Inside a Modern Michigan Dairy Farm

SwissLane Farms in Alto, Michigan has a strong heritage — and, by embracing new technology, it's also helping our state lead the way in cow-focused decisions.

In the early 1900s, SwissLane Farms founder Fredrick Oesch immigrated from Switzerland to the United States because he wanted a better life. Part of his American dream included working on a farm in Alto, Michigan.

“He ended up marrying the farmer’s daughter, Lucy, and they ended up buying the farm right around the corner — and that’s where SwissLane Farms was established in 1915,” says Annie Link, Oesch’s great granddaughter, who helps manage the dairy farm today. “As our family grew, the farm grew right along with it. Great-Grandpa started out with just a handful of cows and a couple of red barns, and since then, we grew to about 2,200 cows and we have tons of barns and lots of people who work alongside us.”

SwissLane Farms, which employs roughly 55 people, is one of more than 1,200 dairy farms in Michigan. Many farms have been in families for generations, and farmers take their responsibility to be more efficient and make sustainably produced food seriously, because doing so is in the best interest of their cows and their livelihoods.

Because of excellence in cow care, Michigan dairy cows are the highest milk-producing cows in the nation. On average, they provide over 3,000 gallons of milk per cow per year, which is 15% higher than the national average. Increased efficiencies in milk production means fewer natural resources used per gallon of milk.

Sustainability is key at these dairy farms, and SwissLane Farms is no different. Back in 2017, the farm received the U.S. Dairy Sustainability Award for its leadership in utilizing practices that improve the well-being of people, animals and the planet.

“We do try every day to make sure that what we are doing is with the future in mind,” Link says, “We’re not just thinking about tomorrow; we’re thinking about years down the road.”

‘Focus on the cows’

It’s one of the core values of SwissLane Farms.

“Everything revolves around what the cows need. The cows are very habitual creatures; they love consistency, so they can thrive when you can give them a really structured routine.

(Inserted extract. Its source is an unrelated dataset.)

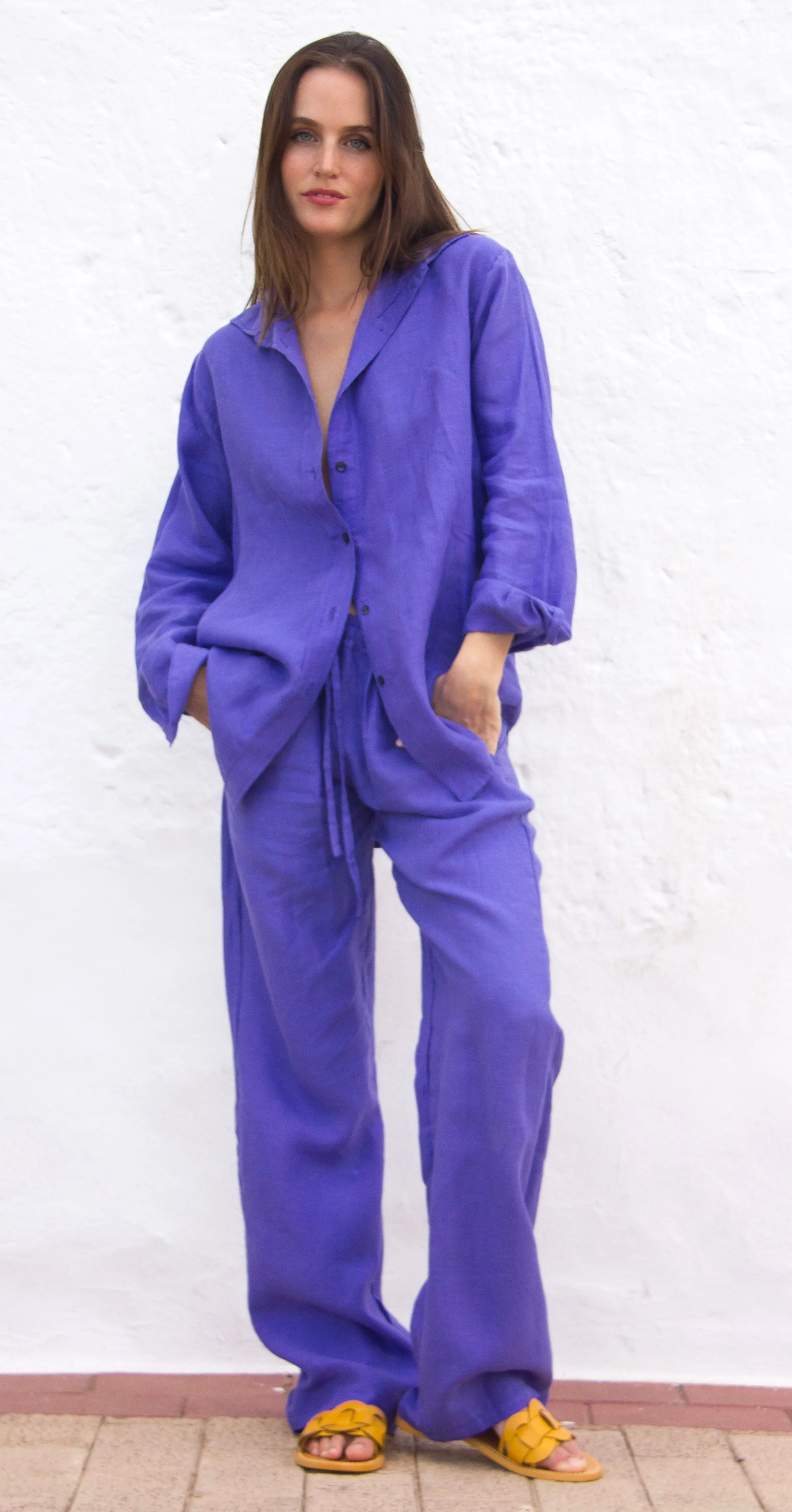 BELGIUM Boyfriendshirt Linen Blue Iris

So we try to create a system where everything just clicks.”

Cows are milked and fed at the same time each day — they have everything on a routine.

“In the last couple of years, we really started focusing on the genetics of the cows, too,” she says. They look for dairy wellness, which cows are going to be the healthiest, have the best immunities and milk production and more.

“Just like with people, genetics are important, and they are important in cows, too.”

In addition, caring for the land is essential. That’s why SwissLane soil tests every acre of land in order to balance nutrients. When they apply nutrients onto the soil, they want to make sure none of that makes its way to the water — which is 85% of a cow’s intake. They have buffer strips to prevent that from happening.

Planting cover crops and even rotating crops is how farmers not only help the soil but end up with a better yield, too. This also helps with profitability — which is part of sustainability as well, Link notes.

“It is total recycling. The cows eat the food, they make the milk, they make the manure and then we put the manure back on the field to make their food,” she says. “What we have to do is just be really diligent in managing that.”

Modern farming

Using an iPad to document manure records and soil maps. Alley scrapers set on automatic timers to clean the barns. Barn curtains that go up or down to adjust the barn temperature. These are just a few ways that the farm has been modernized.

“At one of our farms, we have automatic milking systems so the cows can be milked when they want,” Link says.

The cows at SwissLane wear neck monitors to track how many times they chew and how many steps they take. These details go into a report to let staff know if a cow chewed less one day than the day before.

“Just like humans, cows are less active when they aren’t feeling well. With this technology, we can determine the cow’s health about two days sooner. When a cow is eating that food, it turns into milk within two days. So if the cow stops eating today, we’re going to see that affect her milk production in about 24 to 48 hours,” she says. “So we can be more proactive about cows’ health – and provide individualized care to each cow.”

Connecting to the community is vital, too. That’s where Dairy Discovery at SwissLane Farms comes in. This program, which received nonprofit status in 2018 and has a mission and vision to provide a personal connection to our food, has a special place in Link’s heart. It provides educational tours, hands-on activities and even a day camp that connects the community to this local farm.

“I love Dairy Discovery. It actually is what I am probably the most passionate about,” Link says. “I just love trying to bridge that gap between consumers and farmers.”